ST. JOSEPH, Minn. — On a quiet street on a quiet October night, a group gathered in a garage-turned-studio for a party, one that revolved around a hulking, century-old letterpress machine. Artist Mary Bruno smeared bright pink ink on one side of the machine's roller and teal on the other.
Then, with a grin, she flipped a switch. The roller started spinning, smacking with ink, moving left to right to create a third color in its center: purple.
"Magic," someone murmured.
"Oh, yeah," Bruno said, nodding, "she's real nice."

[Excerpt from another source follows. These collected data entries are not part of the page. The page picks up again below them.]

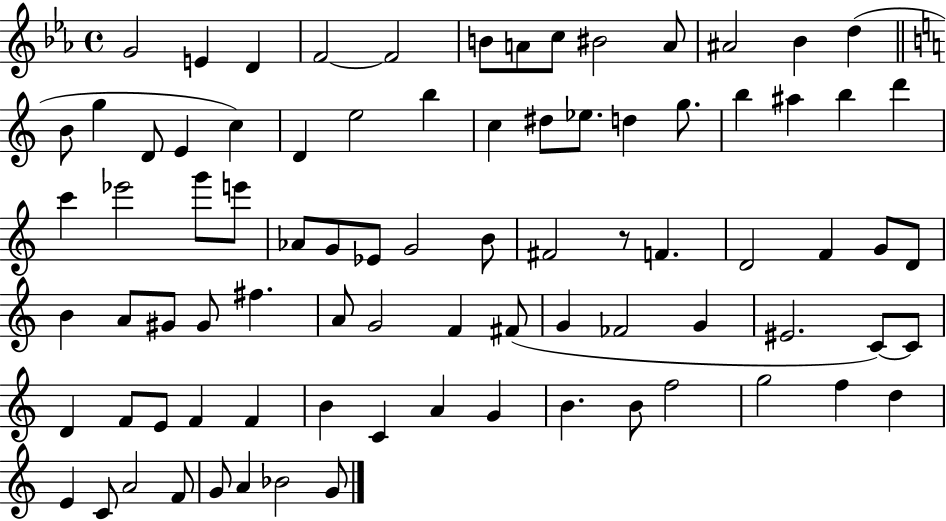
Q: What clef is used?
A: treble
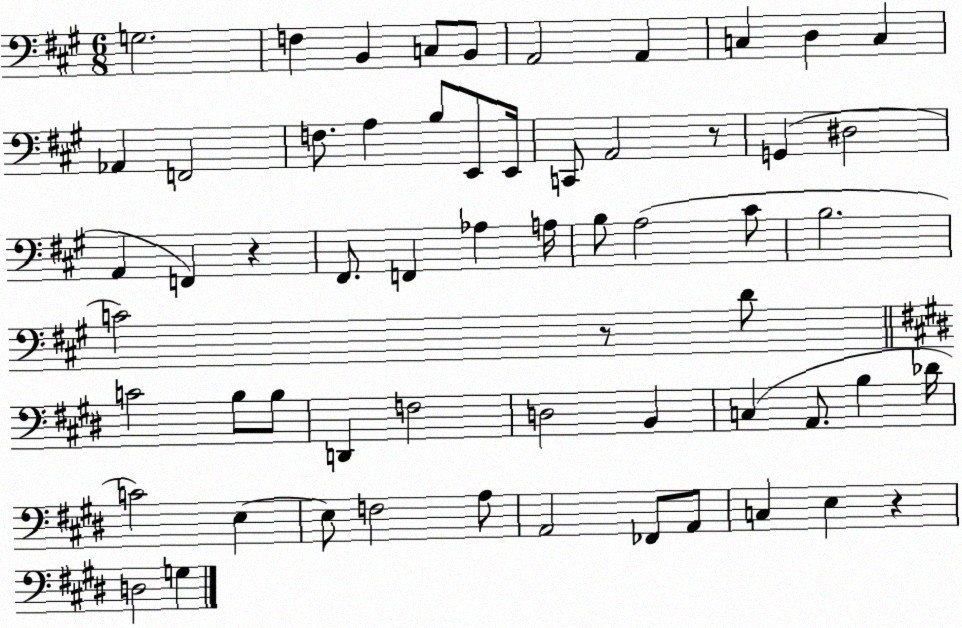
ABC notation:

X:1
T:Untitled
M:6/8
L:1/4
K:A
G,2 F, B,, C,/2 B,,/2 A,,2 A,, C, D, C, _A,, F,,2 F,/2 A, B,/2 E,,/2 E,,/4 C,,/2 A,,2 z/2 G,, ^D,2 A,, F,, z ^F,,/2 F,, _A, A,/4 B,/2 A,2 ^C/2 B,2 C2 z/2 D/2 C2 B,/2 B,/2 D,, F,2 D,2 B,, C, A,,/2 B, _D/4 C2 E, E,/2 F,2 A,/2 A,,2 _F,,/2 A,,/2 C, E, z D,2 G,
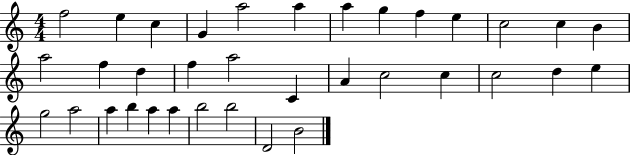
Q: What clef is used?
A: treble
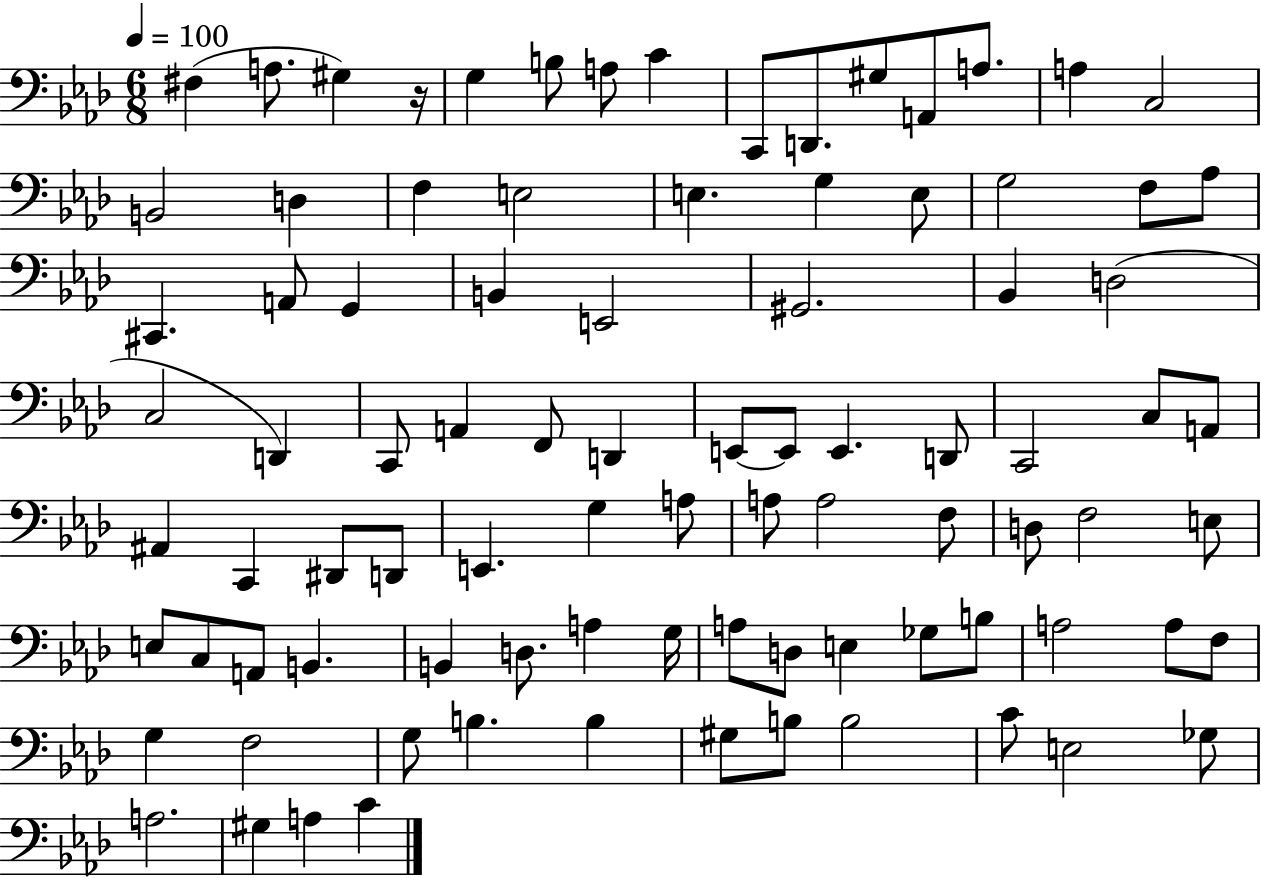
{
  \clef bass
  \numericTimeSignature
  \time 6/8
  \key aes \major
  \tempo 4 = 100
  fis4( a8. gis4) r16 | g4 b8 a8 c'4 | c,8 d,8. gis8 a,8 a8. | a4 c2 | \break b,2 d4 | f4 e2 | e4. g4 e8 | g2 f8 aes8 | \break cis,4. a,8 g,4 | b,4 e,2 | gis,2. | bes,4 d2( | \break c2 d,4) | c,8 a,4 f,8 d,4 | e,8~~ e,8 e,4. d,8 | c,2 c8 a,8 | \break ais,4 c,4 dis,8 d,8 | e,4. g4 a8 | a8 a2 f8 | d8 f2 e8 | \break e8 c8 a,8 b,4. | b,4 d8. a4 g16 | a8 d8 e4 ges8 b8 | a2 a8 f8 | \break g4 f2 | g8 b4. b4 | gis8 b8 b2 | c'8 e2 ges8 | \break a2. | gis4 a4 c'4 | \bar "|."
}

Bruno, owner of Bruno Press, brings people together to fashion beautiful posters in this studio, which is itself covered with beautiful posters, even on the ceiling. It is a straightforward task — set type, apply ink, crank press — but no small feat in a time when cellphones sap our attention and politics divide our blocks. And, thanks to Bruno, the process always makes a bit of magic, too.
"Awesome, dude!" she encourages the newbie printers in her thick Minnesota accent. "Good one!"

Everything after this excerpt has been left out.